Churchill, Roosevelt and Stalin determine the fate of Europe at yalta
Hitler's second in command, Reichsführer-SS Heinrich Himmler, had been plotting behind Hitler's back in an attempt to negotiate a peace with America and Great Britain, with the aim of forming an alliance to fight against the Communists. He knew that half of Germany and all of Eastern Europe, with a population of 120 million people, had been promised to the Communists by American president Franklin D. Roosevelt at the Yalta Conference. As the leader who was in charge of all the concentration camps (his rank in the SS was equivalent to a 5-star General in the US Army), he planned to use the Jewish prisoners as bargaining chips in his negotiations with the non-Communist Allies.

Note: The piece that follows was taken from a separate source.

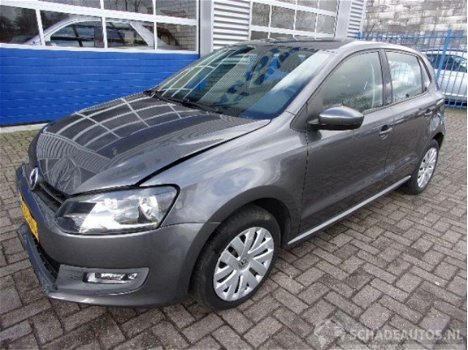 Volkswagen Polo - 1.4 16V HIGHLINE - 1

Himmler was determined to do all he could to hamper the inevitable take-over of Europe by the Communists. To this end, beginning on April 5, 1945, he ordered the execution of Communist leaders being held at the three main concentration camps in Germany: Dachau, Sachsenhausen and Buchenwald.
Before surrendering Bergen-Belsen to the British on April 15, 1945, Himmler ordered about 7,000 people to be evacuated from the camp. The three train loads of prisoners, which left the camp between April 6 and April 11, were made up of prominent Dutch Jews, Hungarian Jews, Jewish prisoners from neutral countries and Jewish prisoners who held foreign passports. Himmler was hoping to use these prisoners to negotiate with the Allies. The rest of the prisoners at Bergen-Belsen were to be voluntarily turned over to the enemy.
Heinrich Himmler stands below Adolf Hitler at a parade
On April 4, 1945, American soldiers had seen their first Nazi horror camp in Germany, the abandoned forced labor camp at Ohrdruf, a sub-camp of Buchenwald. On April 11, American troops had discovered Buchenwald, which had already been taken over by the Communist political prisoners there. The next day, on April 12, 1945, Franklin D. Roosevelt died and Himmler had renewed hopes of negotiating a surrender to the Americans and the British, but not to the Communist Soviet Union. It was within this context that Himmler began negotiations to voluntarily turn the Bergen-Belsen concentration camp over to the British in early April 1945.